Entsprechend geht es in Brasilien nicht nur um den sportlichen Erfolg. „Die Quali zu überstehen und das Hauptfeld zu erreichen, ist schon ein hochgestecktes Ziel“, sagt Momme Lorenz. „Wir haben die Chance ergriffen, dass viele Top-Teams eine Pause einlegen, um überhaupt mal dabei zu sein. Jetzt geht es auch darum, das gesamte Umfeld mit Flug, Unterkunft und den Gegebenheiten beim Turnier zu organisieren.“ Bei der World Tour sind die jungen Spieler auf sich gestellt, selbst ein Coach ist nicht dabei. Zu den Jugend-Weltmeisterschaften hat der Volleyballverband dann wieder die Zügel in der Hand.
Eine Medaille möchte Momme Lorenz gern aus Thailand mitbringen, allerdings gibt es ein Problem. Da Lui Wüst mit einem anderen Partner spielen soll, fehlt dem Kieler ein Counterpart. Aktuell ist eine Kombination mit Philipp Huster vorgesehen. Doch der 2,05-Meter-Mann ist wie Lorenz Blockspieler. Die Herausforderung wird also sein, die richtige Aufstellung zu finden. So wie die bisherige Karriere von Momme Lorenz davon gekennzeichnet ist, einen passenden Abwehrspieler zu finden.
Allein in 2021 hat er mit vier unterschiedlichen Partnern gespielt. Immerhin hat sich das Zusammenspiel mit dem 23-jährigen Simon Kulzer als so erfolgreich erwiesen, dass das Duo nun gemeinsam für 2022 plant.
Im Frühjahr 2023 steht das Abitur an und im Anschluss gern der Wechsel an den Stützpunkt nach Hamburg, um von hier die Beachvolleyball-Karriere voranzutreiben: „Ich kann mir gut vorstellen, mich mit Beachvolleyball zu finanzieren.
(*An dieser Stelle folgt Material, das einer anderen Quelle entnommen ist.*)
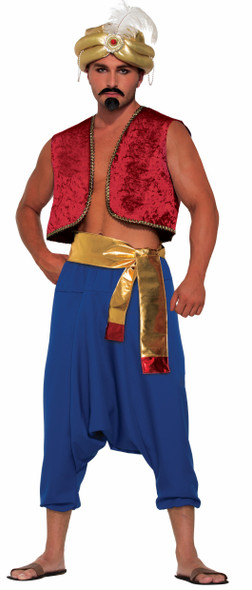 Blue Desert Prince Adult  Pants Aladdin Sultan Harem Genie Costume Accessory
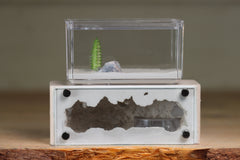 Mini Hearth XL (Bone 9228)
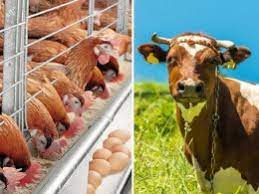 پرداخت بیش از ۷ میلیارد تومان غرامت بیمه در بخش دام وطیور خراسان جنوبی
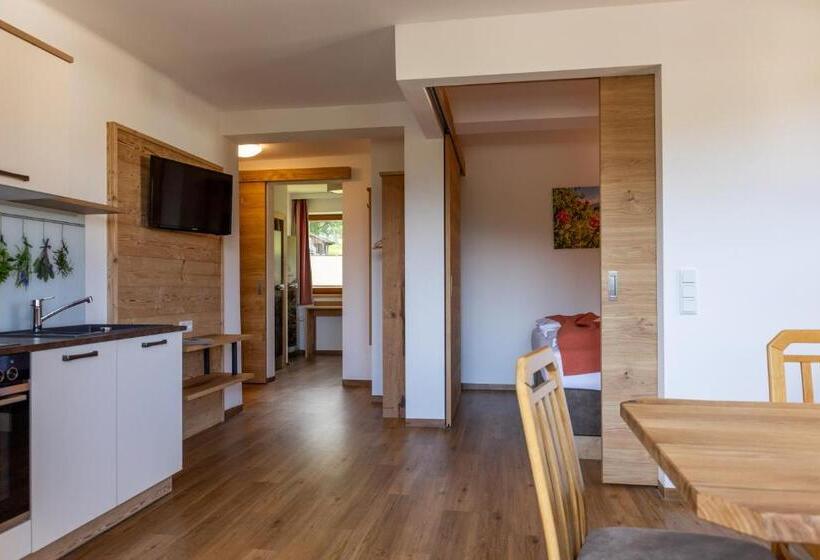 家族用アパートメント, Aparthotel Das Hochkönig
Die Strände der Welt kennenzulernen, ist eine tolle Aussicht.“ 2028 darf gern auch der olympische Strand von Los Angeles dabei sein. „Viele trauen ihm zu, das zu erreichen“, sagt Vater Tom.
Die Spielübersicht, große Ruhe in Drucksituationen, die Bereitschaft für schnelle Bälle und ein gutes oberes Zuspiel zeichnen Momme Lorenz aus. An der Athletik arbeitet er intensiv in den 15 wöchentlichen Trainingsstunden in Berlin. Wie gut er schon für einen Auftritt im Elitefeld gereift ist, wird die World Tour in Brasilien zeigen – nach zwei Wochen guter Pflege durch die Familie. (Ralf Abratis)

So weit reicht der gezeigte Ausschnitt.